Video by Blind Guardian
- Released: 14 June 2004
- Recorded: 16–17 June 2003
- Venue: Blind Guardian Festival, Coburg, Germany
- Genre: Power metal

= Imaginations Through the Looking Glass =

Imaginations Through the Looking Glass is the first video album by German power metal band Blind Guardian.

The band intended to record a DVD since early 1998, however, due to the band's high requirements, no existing metal festival had been considered suitable. Instead, they decided to create their own festival, back in their homeland. The First Blind Guardian Festival was held in Coburg, Germany, on 16–17 June 2003; it lasted two days, with the band playing during both nights.

The entire show was professionally recorded and subsequently released on DVD on 14 June 2004. The cover art was painted by Leo Hao.

==Content==
The show had been very well prepared for the recording, with complex lighting and pyrotechnic effects set up to assist the musicians in creating the atmosphere. Blind Guardian's performance is generally considered excellent, and the degree of the audience's involvement was surprising even to the band members themselves.

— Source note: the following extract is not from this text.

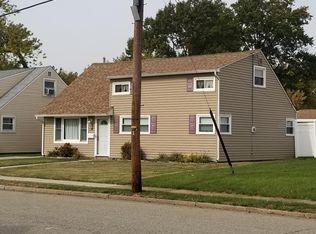 28 Casey St, Carteret, NJ 07008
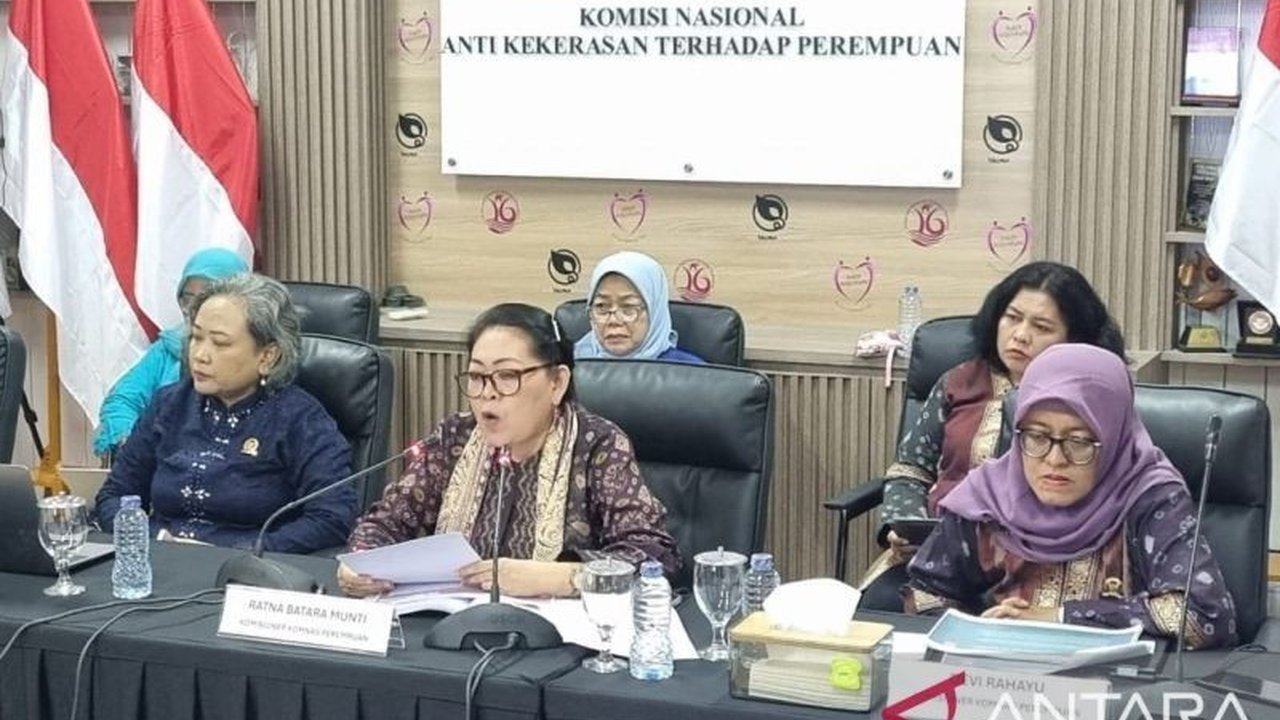 Laporan Catatan Tahunan Komnas Perempuan 2025 menunjukkan kekerasan seksual menjadi bentuk kekerasan paling dominan terhadap perempuan, memicu kekhawatiran serius.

This is especially visible when the crowd continued to sing the chorus of "Valhalla" after the song was well over, stopping to cheer, and then starting to sing again, joined by an impromptu drum beat.

The setlist was partly based on a poll conducted on the band's website, which (combined with the amount of time the band had) led to a varied set with classics like "The Bard's Song (In the Forest)" but also some rarely played songs such as "Somewhere Far Beyond".

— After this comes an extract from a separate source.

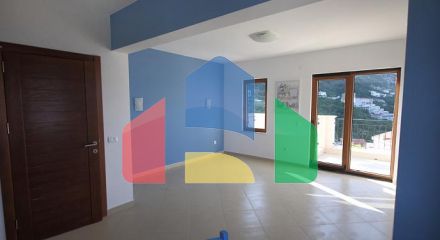 Вилла с бассейном в Близикуче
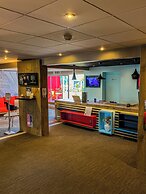 ibis Laval Le Relais d'Armor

There are two (two-layer) DVDs in the release; the first one contains the show itself, with 20 tracks and approximately 125 minutes of running time. Disc 2 contains extra material, including an interview with the band and four bonus songs, recorded in previous tours. The set has a typical Blind Guardian fantasy-style artwork painted by Leo Hao, mixed with photos from the show, with several humorous elements included such as a picture of Legolas, Gimli and Gollum buying tickets for the concert.

== Track listing ==
===Disc 1===

1. War of Wrath
2. Time Stands Still
3. Banish from Sanctuary
4. Nightfall
5. The Script for My Requiem
6. Valhalla
7. A Past and Future Secret
8. Punishment Divine
9. Mordred's Song
10. The Last Candle
11. Bright Eyes
12. Lord of the Rings
13. I'm Alive
14. Another Holy War
15. And Then There Was Silence
16. Somewhere Far Beyond
17. The Bard's Song (In the Forest)
18. Imaginations from the Other Side
19. And the Story Ends
20. Mirror Mirror

===Disc 2===

1. Interview with Blind Guardian
2. Slideshow
3. The Making of The B.G. Festival Coburg 2003
4. Bonus Songs:
  - Majesty
  - Into the Storm
  - Welcome to Dying
  - Lost in the Twilight Hall

==Personnel==
- Hansi Kürsch – vocals
- André Olbrich – guitars
- Marcus Siepen – guitars
- Thomen Stauch – drums
- Oliver Holzwarth – bass (touring member)
- Michael "Mi" Schüren – keyboards (touring member)

==Chart performance==
Imaginations Through the Looking Glass reached #27 in Germany.

==Certifications==

| Region | Certification | Certified units/sales |
| Germany (BVMI) | Gold | 25,000^{^} |
^{^} Shipments figures based on certification alone.